Long, complex, and delocalized supply chains, fragmented over different continents, make it difficult for fashion brands to monitor their operations closely. Companies often don’t fully understand the true social and environmental impacts of their business practices due to a lack of visibility along the supply chains.
The complex global nature of the fashion industry makes transparency a challenging goal. The supply chain for each garment is unique. It involves multiple stages and countries, making it difficult to track products from raw materials to finished goods and ensure that they are produced responsibly. Manufacturers often outsource specific tasks to smaller companies, creating additional layers of abstraction that can shield the overarching brand from liability and make it difficult to verify and ensure that suppliers adhere to ethical and sustainable practices, such as fair labor standards and environmental regulations.
As things stand, the fashion industry still has a long way to go toward being more transparent. According to a study from the United Nations Economic Commission, only a third of the top 100 clothing companies track their supply chains. More than two-thirds (69%) find the fragmentation and complexity of the global business network a key obstacle. To rebuild consumer trust, and meet new legislative requirements, this must change.
Due to poor monitoring and limited control over fashion supply chains, high environmental and social security risks arise in this sector. One of the worst examples of this can be traced back to April 24, 2013, when a garment factory called Rana Plaza in Dhaka, Bangladesh collapsed, killing 1,134 workers. This tragedy exposed the major lack of transparency in global fashion supply chains that has detrimental consequences for many garment workers.

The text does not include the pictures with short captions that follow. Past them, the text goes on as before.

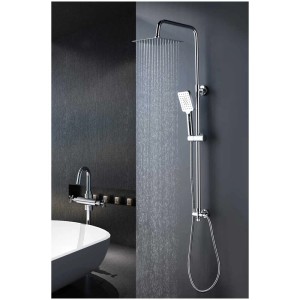 Système de douche Aurlane TN10 en acier inoxydable avec douche de tête et douchette dans une salle de bain moderne.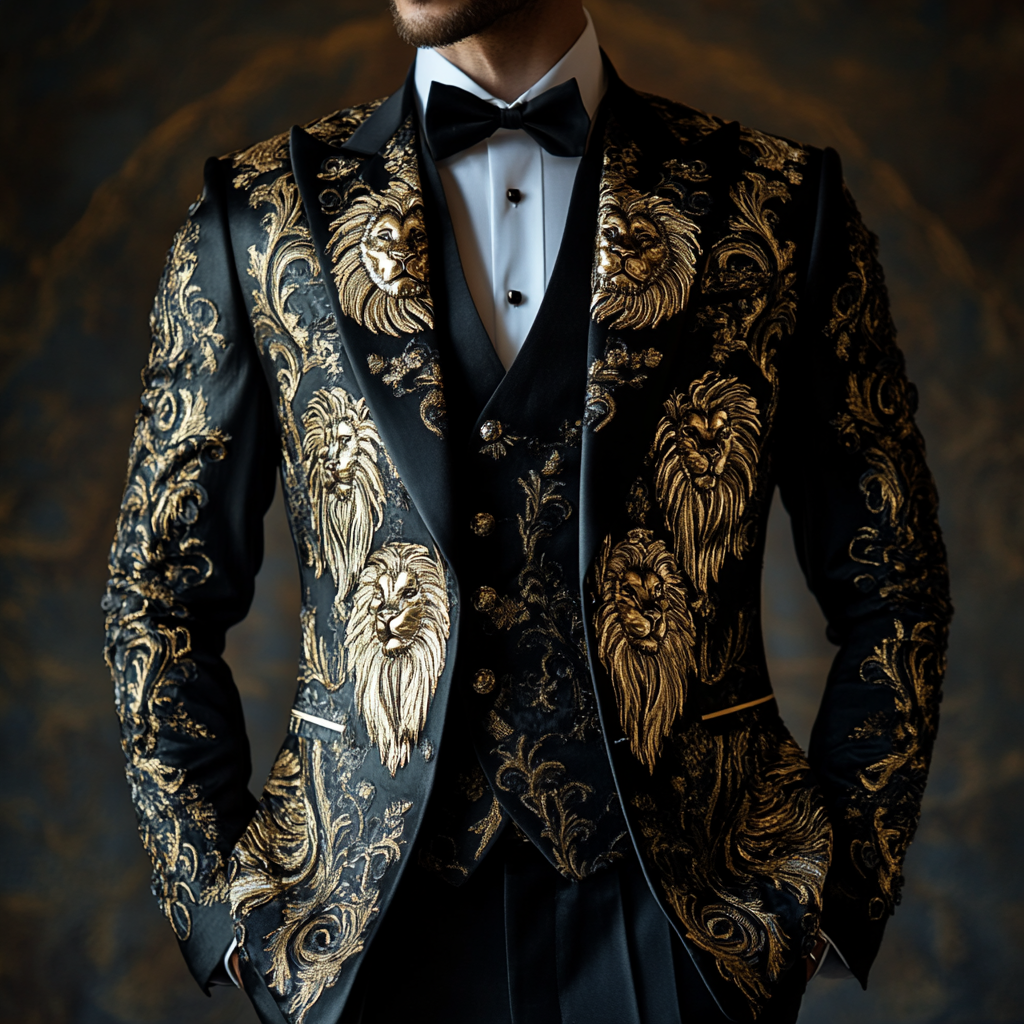 Printed business gentleman casual Men's Luxury Business Casual Fashion Blazer Suit Jacket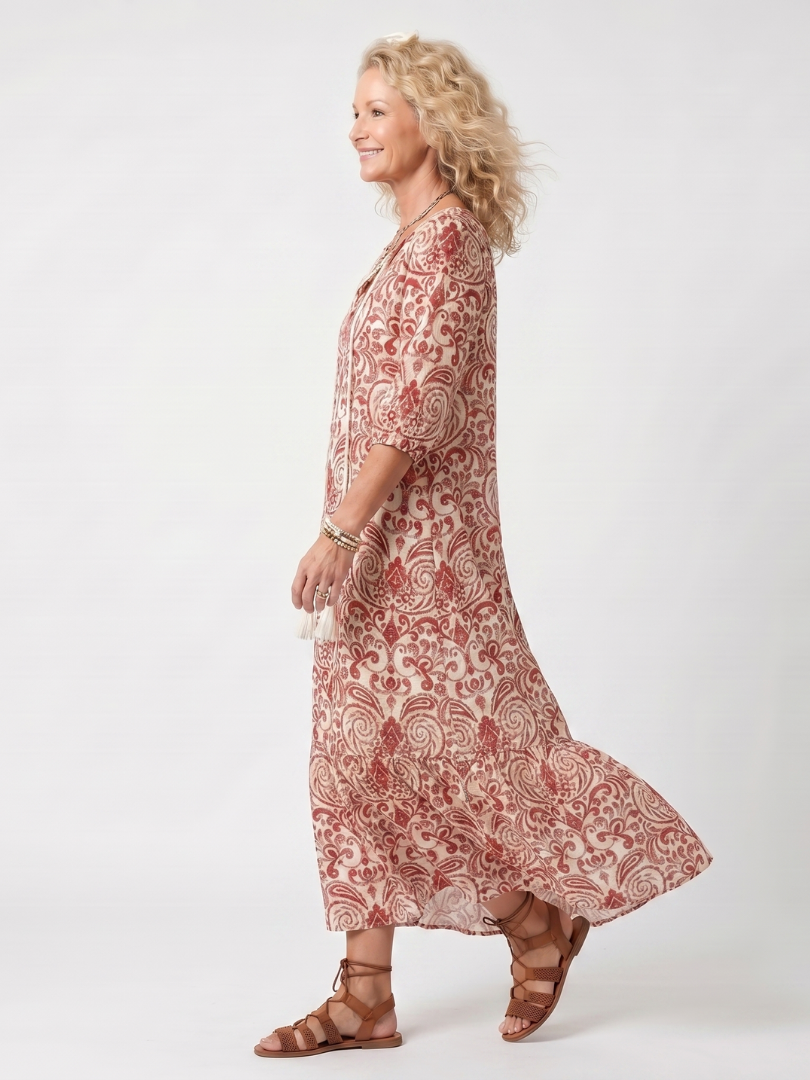 Noelle | Abito Midi a Stampa Elaborata con Coulisse e Nappine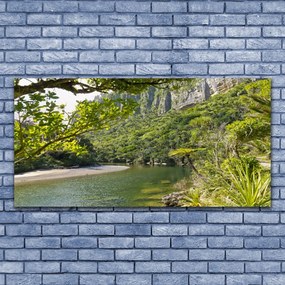 Obraz na akrylátovom skle Jazero príroda 120x60 cm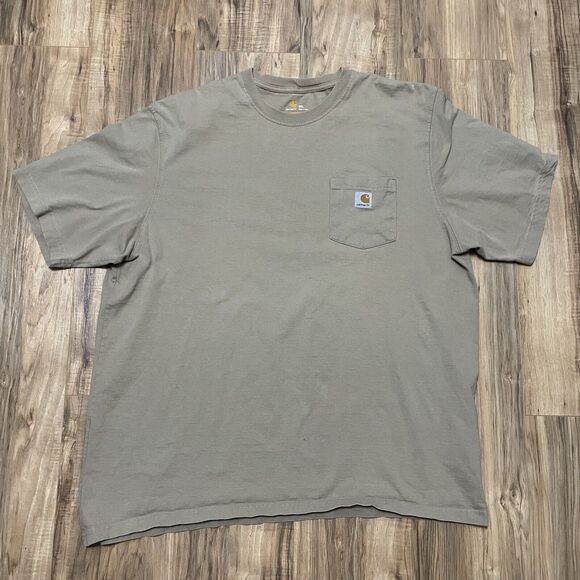 Carhartt Men Shirt 2XL Tan Original Fit Crew Neck Pocket Work Wear - TINY HOLE - Picture 1 of 6
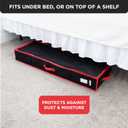 HOLDN STORAGE Premium Wrapping Paper Storage Container - Durable 600D Tear-Proof, Fits 27 Rolls Gift Wrap, Extra Pockets for Ribbons & Bows, Underbed Storage - Ideal for Holiday Christmas, Black (Black/Red Trim)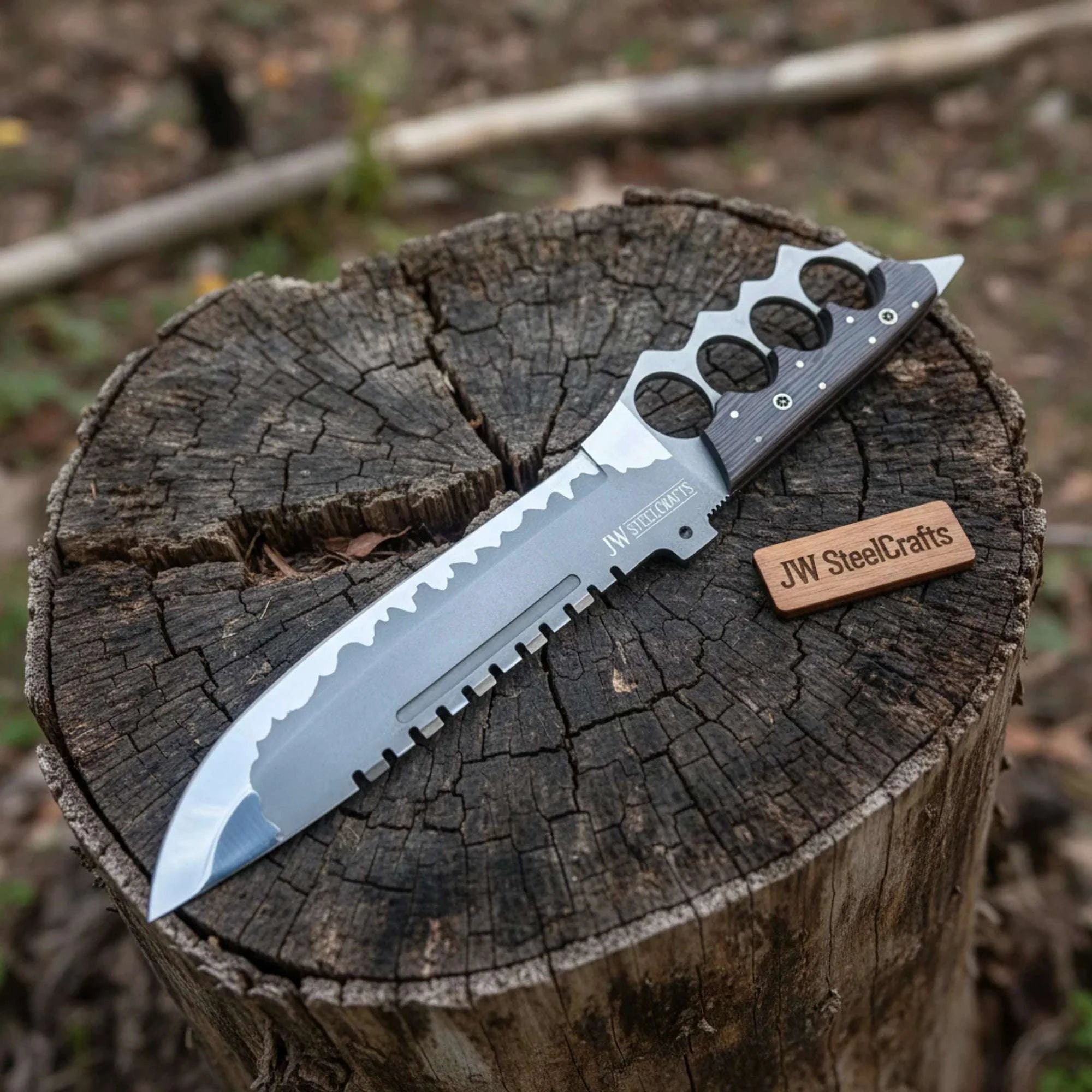 Palmarius Outdoors 14-Inch High Carbon Steel Combat Knife — Acid Etched Tanto Blade, Knuckle Duster Guard & Wenge Wood Handle Survival Knife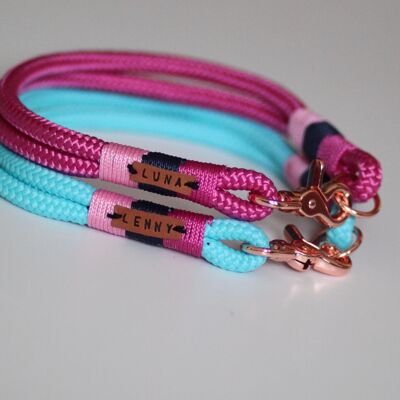 Collier "rose-turquoise" - Avec porte-nom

Implementing sustainability in brands’ operations and achieving traceability not only makes it easier to reduce their impacts, it also improves efficiency and resilience in supply chains, which allows brands to take control, monitoring costs and detecting risks. Sustainability can represent a strategic business tool that allows for major competitive advantages in terms of market penetration, brand identity, and community development.
The power of transparency is truly a life-saving one; it’s needed to prevent disasters like the Rana Plaza incident. By shining a light on opaque supply chains where poor working conditions and environmental exploitation thrive, transparency has an immense power to bring about positive change.
The growing awareness of consumers about environmental and social issues means they’re unlikely to align themselves with brands that are known to pollute rivers, drive up greenhouse gas emissions or fail to pay their workers properly. Companies have a responsibility to provide that assurance and to evidence it with accurate and verifiable claims.
In 2016, nine human rights and labor rights organizations, together with global unions, formed a coalition to improve transparency in garment and footwear supply chains. The coalition reached out to more than 70 companies with own-brand label products, urging them to align their supply chain disclosure practices with the ‘Transparency Pledge’ standard and advance industry good practice. The Transparency Pledge asked companies to publish on their own websites a list of the names, addresses, and other details of at least the factories involved in assembling, embellishing, and finishing their goods (called tier-1 factories).
In the two years since the coalition’s first report in 2017, there has been a significant increase in the number of companies that have published the details of their tier-1 supplier factories. The 2019 Fashion Transparency Index (FTI)—coming 14 years after the first company publicly disclosed its supplier factories list—shows that 35 percent of the 200 brands surveyed have published their tier-1 factory lists. The percentage of brands publicly disclosing has more than tripled from 12.5 percent of the 40 brands surveyed in the 2016 FTI that reported doing so at that time.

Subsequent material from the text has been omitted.